Geschickt hatten Olivinn ihre Gäste, die sich zahlreich im sehr lounchig eingerichteten Foyer mit flachen Sofas und Stehlampen lümmelten, auf diese Symbiose vorbereitet und ganz minimalistisch angefangen. Ein wenig Selbstarrangiertes von Sinem Altem, mit Jazzcharakter und Liebe zum Experiment. Immer mal wieder griff sie in die Seiten ihres Klaviers und veränderte so dessen Klang. Viel Traditionelles, mit der Melodramatik des Abendlandes gewürzt, die sich vor allem durch das kehlig klingende Duduk, ein armenisches Blasinstrument, aufbaute. Unterstützt übrigens von Bügüm Tüzemens Gesang, der so viele Nuancen hatte wie die Musik des Abends. Die schwarz ummalten Augen, der rotgeschminkte Mund und das schwarzseidene Kleid unterstrichen die eindrucksvolle Präsenz der Musikerin und verliehen dem operettenhaften Gesang von Schubertstücken, der Jazzstimme zu Sinem Altems „Luftballons“ oder der Arie „Caro mio ben“ die jeweils feierliche oder ernsthafte Note.

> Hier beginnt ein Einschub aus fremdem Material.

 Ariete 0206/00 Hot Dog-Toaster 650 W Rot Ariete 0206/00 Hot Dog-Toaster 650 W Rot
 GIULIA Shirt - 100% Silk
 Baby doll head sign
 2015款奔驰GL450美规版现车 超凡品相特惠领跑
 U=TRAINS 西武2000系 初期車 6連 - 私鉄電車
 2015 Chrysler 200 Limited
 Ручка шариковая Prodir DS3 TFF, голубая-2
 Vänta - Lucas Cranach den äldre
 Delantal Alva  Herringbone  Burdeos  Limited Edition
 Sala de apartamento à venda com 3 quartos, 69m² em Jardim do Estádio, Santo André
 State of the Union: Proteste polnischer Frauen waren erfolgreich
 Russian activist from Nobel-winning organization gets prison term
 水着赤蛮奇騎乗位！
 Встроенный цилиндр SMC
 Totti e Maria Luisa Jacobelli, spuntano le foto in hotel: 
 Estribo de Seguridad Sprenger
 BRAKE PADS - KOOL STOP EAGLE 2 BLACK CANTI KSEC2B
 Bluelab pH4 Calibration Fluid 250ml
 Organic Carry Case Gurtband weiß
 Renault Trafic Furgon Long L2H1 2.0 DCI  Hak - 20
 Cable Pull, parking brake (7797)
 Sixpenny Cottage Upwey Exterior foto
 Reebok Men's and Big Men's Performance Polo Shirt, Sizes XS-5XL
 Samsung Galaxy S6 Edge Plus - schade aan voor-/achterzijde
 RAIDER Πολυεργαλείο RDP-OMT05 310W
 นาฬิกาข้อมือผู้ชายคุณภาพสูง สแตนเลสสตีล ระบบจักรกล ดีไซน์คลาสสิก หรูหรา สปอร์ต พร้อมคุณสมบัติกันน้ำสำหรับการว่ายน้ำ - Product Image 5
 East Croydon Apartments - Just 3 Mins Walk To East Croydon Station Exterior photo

Nur eine Frau mit so viel Präsenz konnte, in Kombination mit dem ebenso eindrucksvollen, mal weichem, mal ausladendem, mal slapstickhaftem Klavierspiel von Sinem Altem, der zurückhaltenden Klarinette von Miguel Perez Inesta, dem gekonnten Spiel von Özgür Ersoy auf Duduk, Zurna oder Baglama und der innovativen, geschickt eingesetzten Percussion von Axel Meier das Publikum so motivieren, dass mit Übergabe des Programms an DJ Ipek die Tanzfläche voll war und bis gegen 1 Uhr auch nie ganz leer wurde.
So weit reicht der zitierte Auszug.